第1章 月夜のアンコール
こうして思い出を振り返る日記を書いてみると、とても楽しいことに気づいたので、その後の続きを書いてみようと思う。次はロドスの学校内の話でも書こう。
私は、すっかり一人遊びが板につき、ファントムさんやミス・クリスティーンがいなくても、アーツで周りを照らしてみたり、尻尾を使って木登りをしてみたり、何も考えずに空を眺めたりしていた。そうして一人で遊ぶことに慣れてしまって、自分でも気づかない内に人だかりを避けていたりして。ロドスでは学校のようなシステムも作られていたけど、休憩時間になっても私は一人で教室にいるか外で影と遊んでいる、それこそ「不思議ちゃん」として有名だったらしい。
そこで話しかけてきたのは、さっき名前を出したサージュっていう男の子。
今はロドスのオペレーターとしてエクリプスと名乗っているけれど、私に初めて同年齢の友達が出来たのはこの時だった。
「いつも影と遊んでいるから気になっていたんだ」
それがサージュの最初の一言だった。
「影……?」
私は影の先生たちを「人」と「猫」と認識していたから、そう呼ばれていたことに驚いてきょとんとしてしまった。するとサージュは真後ろの遠い教室の窓から指差して、あの窓から私のことを見ていたというのだ。
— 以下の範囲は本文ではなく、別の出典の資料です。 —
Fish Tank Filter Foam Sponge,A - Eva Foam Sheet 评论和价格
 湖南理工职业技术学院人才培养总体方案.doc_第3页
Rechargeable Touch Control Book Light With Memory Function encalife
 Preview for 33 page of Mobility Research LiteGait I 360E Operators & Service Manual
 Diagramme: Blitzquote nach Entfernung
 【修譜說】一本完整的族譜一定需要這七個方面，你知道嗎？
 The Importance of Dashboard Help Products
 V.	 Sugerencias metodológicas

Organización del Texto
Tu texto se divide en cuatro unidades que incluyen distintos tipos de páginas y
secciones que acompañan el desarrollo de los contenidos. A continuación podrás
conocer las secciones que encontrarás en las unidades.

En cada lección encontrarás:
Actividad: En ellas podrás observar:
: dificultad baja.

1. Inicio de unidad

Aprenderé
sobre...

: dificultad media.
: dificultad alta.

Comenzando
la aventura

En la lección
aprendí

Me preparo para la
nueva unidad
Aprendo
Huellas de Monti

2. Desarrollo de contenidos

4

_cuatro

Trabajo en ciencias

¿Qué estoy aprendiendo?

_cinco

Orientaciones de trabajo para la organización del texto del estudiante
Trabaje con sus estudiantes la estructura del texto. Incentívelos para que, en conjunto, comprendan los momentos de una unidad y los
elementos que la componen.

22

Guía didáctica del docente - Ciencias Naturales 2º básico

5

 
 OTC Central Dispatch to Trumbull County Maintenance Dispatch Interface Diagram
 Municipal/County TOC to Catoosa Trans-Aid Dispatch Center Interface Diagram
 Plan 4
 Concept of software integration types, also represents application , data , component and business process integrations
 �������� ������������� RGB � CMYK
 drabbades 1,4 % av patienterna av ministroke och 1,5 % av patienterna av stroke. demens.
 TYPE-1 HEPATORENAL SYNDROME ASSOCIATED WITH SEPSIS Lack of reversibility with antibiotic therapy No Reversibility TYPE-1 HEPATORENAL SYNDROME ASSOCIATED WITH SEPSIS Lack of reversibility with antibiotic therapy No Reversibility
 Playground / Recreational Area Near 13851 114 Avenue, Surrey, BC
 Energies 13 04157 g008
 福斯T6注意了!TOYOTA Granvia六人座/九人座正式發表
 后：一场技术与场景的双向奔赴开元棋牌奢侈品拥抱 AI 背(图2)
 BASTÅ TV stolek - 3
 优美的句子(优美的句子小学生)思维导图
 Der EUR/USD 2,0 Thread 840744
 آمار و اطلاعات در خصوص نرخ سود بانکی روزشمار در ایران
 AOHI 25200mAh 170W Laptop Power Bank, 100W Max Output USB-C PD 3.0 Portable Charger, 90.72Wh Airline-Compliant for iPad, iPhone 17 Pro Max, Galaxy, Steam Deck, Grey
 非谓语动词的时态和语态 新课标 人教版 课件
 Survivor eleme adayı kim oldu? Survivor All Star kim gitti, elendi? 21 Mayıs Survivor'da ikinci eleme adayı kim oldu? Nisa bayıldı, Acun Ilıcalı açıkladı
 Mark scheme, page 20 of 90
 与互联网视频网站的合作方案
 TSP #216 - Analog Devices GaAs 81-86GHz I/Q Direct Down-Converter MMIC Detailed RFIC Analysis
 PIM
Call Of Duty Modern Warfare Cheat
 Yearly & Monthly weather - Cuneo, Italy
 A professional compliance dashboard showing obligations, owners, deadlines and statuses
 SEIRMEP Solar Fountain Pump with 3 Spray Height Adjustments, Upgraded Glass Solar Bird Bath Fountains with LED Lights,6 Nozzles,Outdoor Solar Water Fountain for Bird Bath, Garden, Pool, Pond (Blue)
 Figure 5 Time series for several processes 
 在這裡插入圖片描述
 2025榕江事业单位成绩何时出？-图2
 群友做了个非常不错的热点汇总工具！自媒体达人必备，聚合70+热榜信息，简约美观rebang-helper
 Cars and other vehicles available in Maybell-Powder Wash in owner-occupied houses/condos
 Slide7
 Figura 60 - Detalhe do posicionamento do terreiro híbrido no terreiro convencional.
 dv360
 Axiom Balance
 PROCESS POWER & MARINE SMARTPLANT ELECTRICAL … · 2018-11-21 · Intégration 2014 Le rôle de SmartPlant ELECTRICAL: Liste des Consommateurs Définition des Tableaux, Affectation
私はますます驚いた。
「あなたは……とても目がいいんですね」
私が文字の読み書きをする頃には、敬語もいくらか使うようになっていた。といっても子ども同士ではその必要はなかったのだろうけど、お父さんもお母さんも私に対しても敬語だったから、言い慣れるのに全然時間は使わなかった。だとしても、私は年齢よりは少し大人びた子どもだったかもしれない。